━━━━━ DATA UNDER STUDY ━━━━━
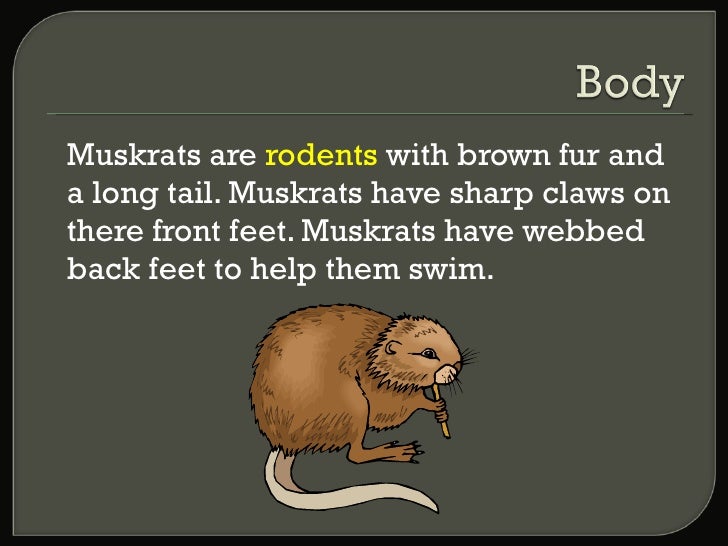 Muskrats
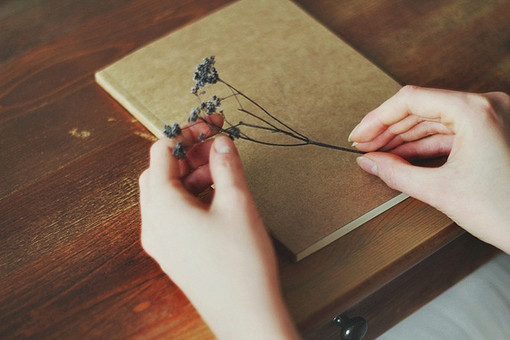 拥抱岁月歌曲,拥抱岁月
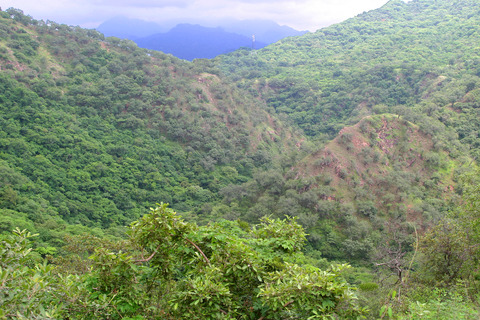 Forest in Mexico (DI01206)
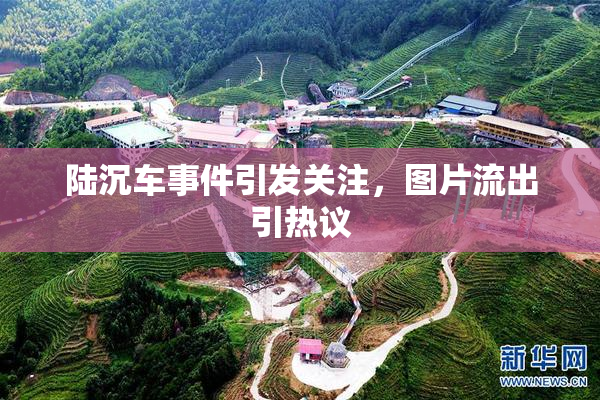 陆沉车事件引发关注，图片流出引热议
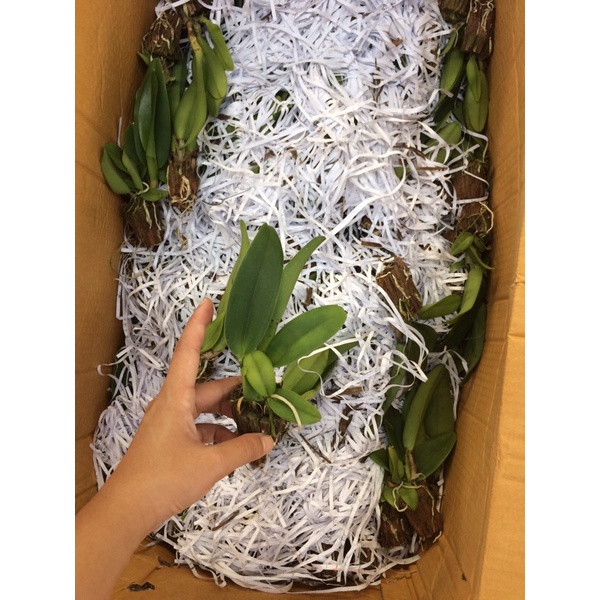 Cattleya Anna Cây Giống Dễ Trồng Hoa Thơm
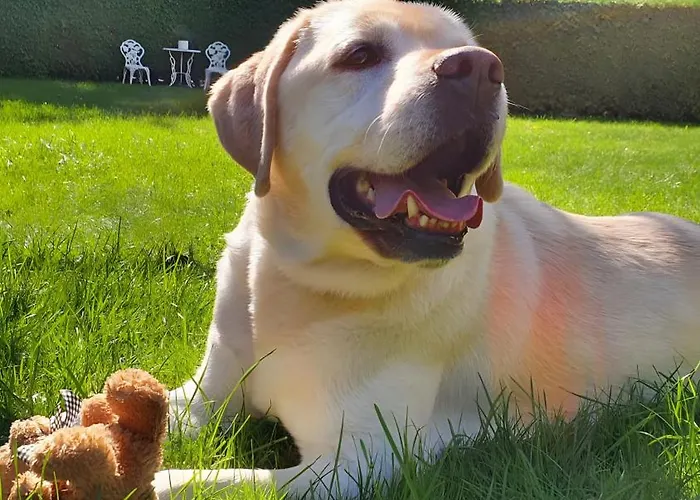 بيت ضيافة Gaestehaus Maeder - Dreiweltenkarte 3*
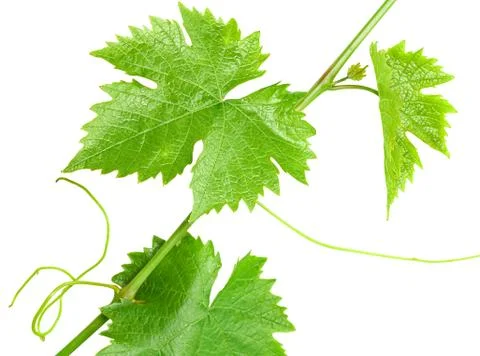 A branch of the vine Stock Photos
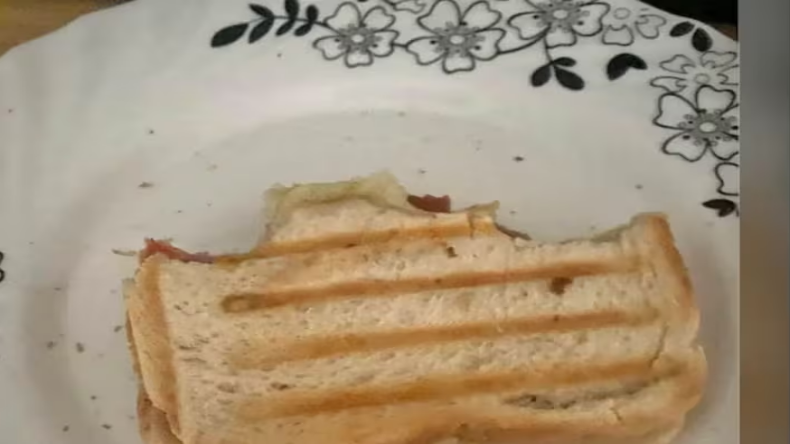 Unique Sandwich: 10 करोड़ रूपए का आधा खाया हुआ सैंडविच, इस शख्स ने दी जानकारी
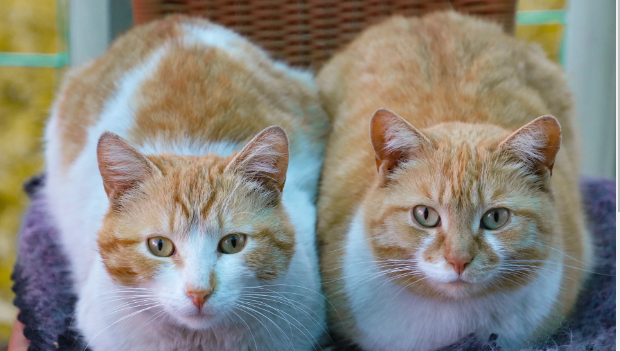 Male or Female Cats Nicer: The Battle of the Sexes-Appreciating the Charm of Both Genders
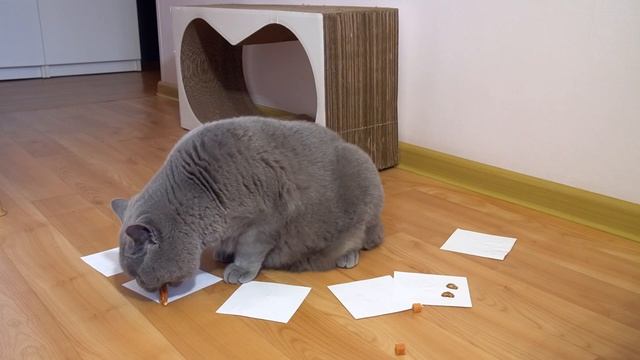 Какой вкус мяса выберет кот/ Hungry cat смотреть онлайн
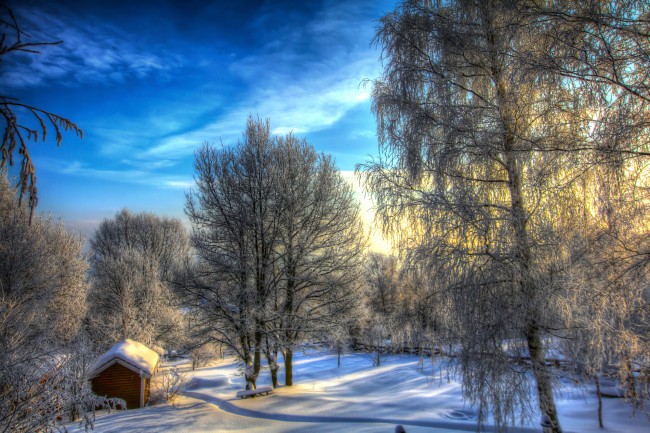 Обои картинки фото природа, зима, снег, тропинка, березы, сарай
━━━━━
*WORK TASK*
Print out the entries above word for word from the first line to the line containing "Unique Sandwich: 10", both included, omitting the pictures.

*EXERCISE ANSWER*
 Muskrats
 拥抱岁月歌曲,拥抱岁月
 Forest in Mexico (DI01206)
 陆沉车事件引发关注，图片流出引热议
 Cattleya Anna Cây Giống Dễ Trồng Hoa Thơm
 بيت ضيافة Gaestehaus Maeder - Dreiweltenkarte 3*
 A branch of the vine Stock Photos
 Unique Sandwich: 10 करोड़ रूपए का आधा खाया हुआ सैंडविच, इस शख्स ने दी जानकारी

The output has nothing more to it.